Canadian Finance Minister Jim Flaherty said ministers and central bankers of the United States, Canada, Japan, Britain, Germany, France and Italy would hold a special conference call, raising pressure on the Europeans to act.
"The real concern right now is Europe of course - the weakness in some of the banks in Europe, the fact they're undercapitalised, the fact the other European countries in the euro zone have not taken sufficient action yet to address those issues of undercapitalisation of banks and building an adequate firewall," Flaherty told reporters.
The disclosure of the normally confidential teleconference came as European Union paymaster Germany said it was up to Spain, the latest euro zone country in the markets' firing line, to decide if it needed financial assistance, after media reports that Berlin was pressing Madrid to request aid.
German Chancellor Angela Merkel and leaders of her centre-right coalition said in a joint statement: "All the instruments are available to guarantee the safety of banks in the euro zone."
They effectively ruled out Spanish calls to allow euro zone rescue funds to lend money directly to recapitalise Spanish banks, which are weighed down with bad property debts, without the government having to take a bailout programme.
Berlin is pressing reluctant euro zone partners, including close ally France, to agree to give up more fiscal sovereignty as part of a closer European fiscal union.
A G7 source, speaking on condition of anonymity because of the sensitivity of the issue, said there were concerns about the risk of a bank run in Spain, which is struggling to recapitalise nationalised lender Bankia and smaller banks stricken by the collapse of a property bubble.
"There's a heightened sense of alarm over developments in Europe, particularly in Spain," the source told Reuters. "There is concern on whether there will be a bank run in Spain that could have repercussions beyond the euro zone."
Spain test
Spain's borrowing costs have soared to around 6.6 per cent for 10-year bonds with the risk premium over safe haven German Bunds reaching a euro era record.

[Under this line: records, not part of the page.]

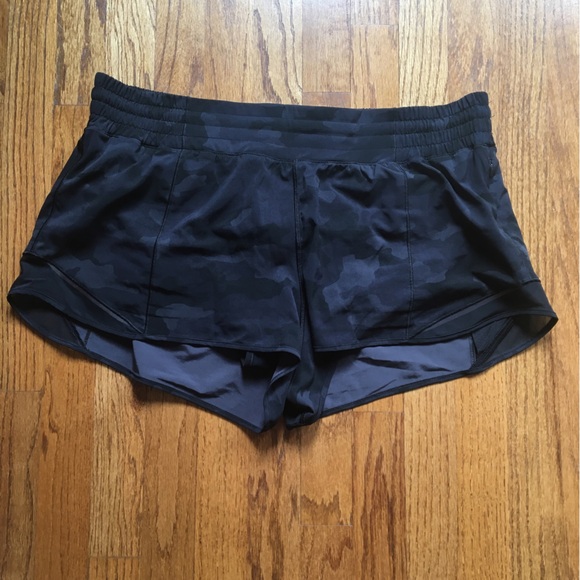 Lululemon Hotty Hot Short II Size 14 Camo - Picture 2 of 4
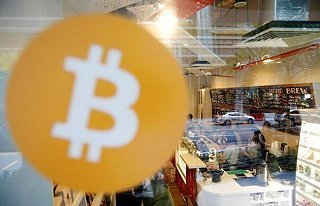 Mining farm operation showcasing advanced technology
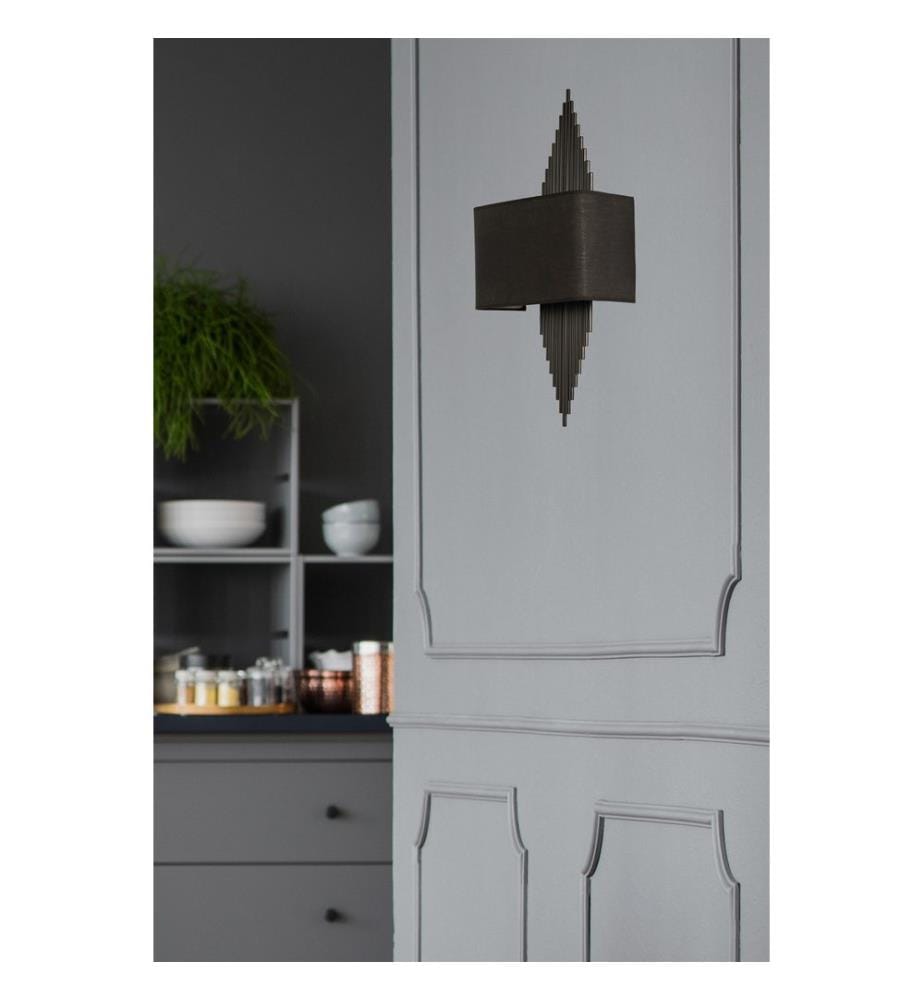 Lampe murale, noire, corps en métal, tissu pour abat-jour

Madrid plans to issue 1-2 billion euros in 10-year debt on Thursday in a key market test.
The G7 source said the United States, the current G7 chair, was unwilling to allow International Monetary Fund money to be used to support the euro zone, so there was little prospect of the global community acting as one to contain the crisis.
A senior Brazilian government official said the euro zone crisis would also be a central focus of this month's G20 summit in Los Cabos, Mexico.
"We insist in our position that European countries with enough space to stimulate the economy, even via fiscal stimulus (not many that can do that), should do it now," said the official, referring mostly to Germany.
The euro climbed and safe haven US and German bonds eased off last week's record low yields as speculation mounted that authorities will act to keep the euro zone intact and overcome the debt crisis.
EU leaders hold their next regular summit on June 28-29 and their chairman, Herman Van Rompuy, said on Monday he would put forward a roadmap to design a plan for closer economic union in the euro area by the end of this year.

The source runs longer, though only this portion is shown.